Please print only the top portion of the entries below, ending with the line that contains "Frau und Kind spazieren im Schnee", exactly as written.

Caption-style text data:
= = =

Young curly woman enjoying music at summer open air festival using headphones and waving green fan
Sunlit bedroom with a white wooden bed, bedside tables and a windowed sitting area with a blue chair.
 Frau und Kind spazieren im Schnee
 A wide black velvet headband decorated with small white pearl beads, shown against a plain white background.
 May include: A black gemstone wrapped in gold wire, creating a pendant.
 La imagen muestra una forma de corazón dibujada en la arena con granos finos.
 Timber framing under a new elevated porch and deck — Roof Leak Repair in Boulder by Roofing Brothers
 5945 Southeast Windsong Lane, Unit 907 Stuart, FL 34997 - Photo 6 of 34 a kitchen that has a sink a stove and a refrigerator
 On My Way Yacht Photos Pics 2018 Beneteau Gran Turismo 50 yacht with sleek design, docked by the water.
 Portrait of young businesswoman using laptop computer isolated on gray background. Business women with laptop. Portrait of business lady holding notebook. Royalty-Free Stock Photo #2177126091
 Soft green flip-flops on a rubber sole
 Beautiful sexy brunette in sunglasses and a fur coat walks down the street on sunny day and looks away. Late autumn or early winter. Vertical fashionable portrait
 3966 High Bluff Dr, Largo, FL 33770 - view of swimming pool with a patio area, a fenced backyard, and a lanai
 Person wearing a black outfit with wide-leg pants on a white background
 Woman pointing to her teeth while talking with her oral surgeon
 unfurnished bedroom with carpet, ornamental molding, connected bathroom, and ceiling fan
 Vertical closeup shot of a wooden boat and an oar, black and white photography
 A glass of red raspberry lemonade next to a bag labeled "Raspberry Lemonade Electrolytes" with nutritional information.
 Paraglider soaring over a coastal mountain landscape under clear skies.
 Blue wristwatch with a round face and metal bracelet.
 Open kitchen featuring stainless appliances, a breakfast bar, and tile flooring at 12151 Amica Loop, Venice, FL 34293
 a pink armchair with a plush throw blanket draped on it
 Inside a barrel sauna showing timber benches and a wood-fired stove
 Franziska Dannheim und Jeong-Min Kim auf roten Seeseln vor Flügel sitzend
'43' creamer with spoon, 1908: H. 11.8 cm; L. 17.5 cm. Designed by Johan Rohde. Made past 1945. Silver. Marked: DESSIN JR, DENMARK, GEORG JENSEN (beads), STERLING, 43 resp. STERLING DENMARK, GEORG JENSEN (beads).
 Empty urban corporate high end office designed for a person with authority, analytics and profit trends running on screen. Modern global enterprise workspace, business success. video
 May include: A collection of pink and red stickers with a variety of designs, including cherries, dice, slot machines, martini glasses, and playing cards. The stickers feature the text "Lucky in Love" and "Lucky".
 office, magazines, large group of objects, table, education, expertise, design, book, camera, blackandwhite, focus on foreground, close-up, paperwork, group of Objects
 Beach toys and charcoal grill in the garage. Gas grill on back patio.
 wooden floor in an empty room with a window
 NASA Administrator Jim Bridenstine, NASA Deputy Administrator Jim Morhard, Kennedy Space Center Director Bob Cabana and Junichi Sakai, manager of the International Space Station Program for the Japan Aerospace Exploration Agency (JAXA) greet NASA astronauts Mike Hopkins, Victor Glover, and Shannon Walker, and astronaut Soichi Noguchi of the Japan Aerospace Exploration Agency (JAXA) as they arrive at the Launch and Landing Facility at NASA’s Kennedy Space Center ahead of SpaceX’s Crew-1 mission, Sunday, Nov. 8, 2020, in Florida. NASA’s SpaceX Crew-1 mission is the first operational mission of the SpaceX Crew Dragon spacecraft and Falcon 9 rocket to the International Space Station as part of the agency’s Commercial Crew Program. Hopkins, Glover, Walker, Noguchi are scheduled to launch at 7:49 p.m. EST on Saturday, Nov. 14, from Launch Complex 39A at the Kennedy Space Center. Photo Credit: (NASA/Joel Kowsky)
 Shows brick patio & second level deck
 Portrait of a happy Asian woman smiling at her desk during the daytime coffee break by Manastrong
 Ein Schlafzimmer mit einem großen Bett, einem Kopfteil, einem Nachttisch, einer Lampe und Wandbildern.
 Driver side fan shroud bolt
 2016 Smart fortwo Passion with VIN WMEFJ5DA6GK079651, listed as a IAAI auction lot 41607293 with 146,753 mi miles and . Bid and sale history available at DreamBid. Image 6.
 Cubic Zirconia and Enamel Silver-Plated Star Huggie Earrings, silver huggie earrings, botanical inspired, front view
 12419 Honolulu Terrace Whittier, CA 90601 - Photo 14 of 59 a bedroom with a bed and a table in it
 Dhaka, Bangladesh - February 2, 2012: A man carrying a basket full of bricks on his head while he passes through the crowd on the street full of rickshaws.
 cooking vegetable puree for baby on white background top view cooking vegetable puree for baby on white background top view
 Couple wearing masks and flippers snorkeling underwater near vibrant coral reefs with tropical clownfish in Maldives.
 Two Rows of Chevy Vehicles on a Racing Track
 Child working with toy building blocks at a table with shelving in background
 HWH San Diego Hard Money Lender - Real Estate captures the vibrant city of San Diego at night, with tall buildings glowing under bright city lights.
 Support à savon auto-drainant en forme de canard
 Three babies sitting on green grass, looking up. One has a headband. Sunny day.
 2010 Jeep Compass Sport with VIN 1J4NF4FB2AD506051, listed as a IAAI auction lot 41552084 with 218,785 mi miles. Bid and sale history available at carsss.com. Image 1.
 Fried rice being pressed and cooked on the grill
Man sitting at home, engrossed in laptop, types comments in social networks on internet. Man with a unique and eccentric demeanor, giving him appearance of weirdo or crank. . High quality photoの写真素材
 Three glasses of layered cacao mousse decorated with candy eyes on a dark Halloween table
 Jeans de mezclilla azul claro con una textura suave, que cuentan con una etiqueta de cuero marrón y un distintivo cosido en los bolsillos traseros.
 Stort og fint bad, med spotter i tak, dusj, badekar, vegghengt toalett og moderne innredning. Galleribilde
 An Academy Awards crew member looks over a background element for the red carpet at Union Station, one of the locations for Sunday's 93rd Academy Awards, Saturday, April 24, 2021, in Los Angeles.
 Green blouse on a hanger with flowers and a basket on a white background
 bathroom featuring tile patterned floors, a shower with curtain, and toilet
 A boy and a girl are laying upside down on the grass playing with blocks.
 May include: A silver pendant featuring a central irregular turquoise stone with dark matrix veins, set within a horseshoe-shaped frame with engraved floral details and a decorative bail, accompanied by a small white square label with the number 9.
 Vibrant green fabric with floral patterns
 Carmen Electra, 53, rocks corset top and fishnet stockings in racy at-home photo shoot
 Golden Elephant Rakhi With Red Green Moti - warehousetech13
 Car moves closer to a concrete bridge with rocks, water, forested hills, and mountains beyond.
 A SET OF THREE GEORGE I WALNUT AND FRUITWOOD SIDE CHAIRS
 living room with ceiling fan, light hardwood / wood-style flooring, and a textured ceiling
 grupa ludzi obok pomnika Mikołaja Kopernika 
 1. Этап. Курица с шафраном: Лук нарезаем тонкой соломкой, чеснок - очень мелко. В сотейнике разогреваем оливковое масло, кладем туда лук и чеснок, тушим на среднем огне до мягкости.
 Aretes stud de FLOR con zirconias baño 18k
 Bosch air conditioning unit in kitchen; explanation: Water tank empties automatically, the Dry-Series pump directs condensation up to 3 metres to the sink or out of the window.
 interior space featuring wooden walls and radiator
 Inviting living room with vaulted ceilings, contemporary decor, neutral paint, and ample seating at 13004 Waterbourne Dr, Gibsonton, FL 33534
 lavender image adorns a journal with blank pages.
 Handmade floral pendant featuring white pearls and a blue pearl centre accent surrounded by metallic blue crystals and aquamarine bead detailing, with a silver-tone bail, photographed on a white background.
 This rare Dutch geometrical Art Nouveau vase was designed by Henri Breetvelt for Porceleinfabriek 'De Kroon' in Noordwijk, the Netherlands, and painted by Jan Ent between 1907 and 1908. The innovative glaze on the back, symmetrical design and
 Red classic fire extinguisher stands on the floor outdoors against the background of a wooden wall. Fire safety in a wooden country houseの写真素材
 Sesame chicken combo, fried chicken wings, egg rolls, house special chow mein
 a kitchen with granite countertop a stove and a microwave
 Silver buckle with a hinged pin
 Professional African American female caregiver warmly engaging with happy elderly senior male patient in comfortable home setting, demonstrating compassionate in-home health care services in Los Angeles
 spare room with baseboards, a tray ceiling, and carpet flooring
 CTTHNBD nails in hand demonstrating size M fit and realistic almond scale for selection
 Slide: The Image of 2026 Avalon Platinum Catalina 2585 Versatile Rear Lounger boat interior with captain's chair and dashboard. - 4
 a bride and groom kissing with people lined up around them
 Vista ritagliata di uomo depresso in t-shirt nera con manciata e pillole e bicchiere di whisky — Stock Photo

= = =

**RESPONSE TO THIS TASK:**
Young curly woman enjoying music at summer open air festival using headphones and waving green fan
Sunlit bedroom with a white wooden bed, bedside tables and a windowed sitting area with a blue chair.
 Frau und Kind spazieren im Schnee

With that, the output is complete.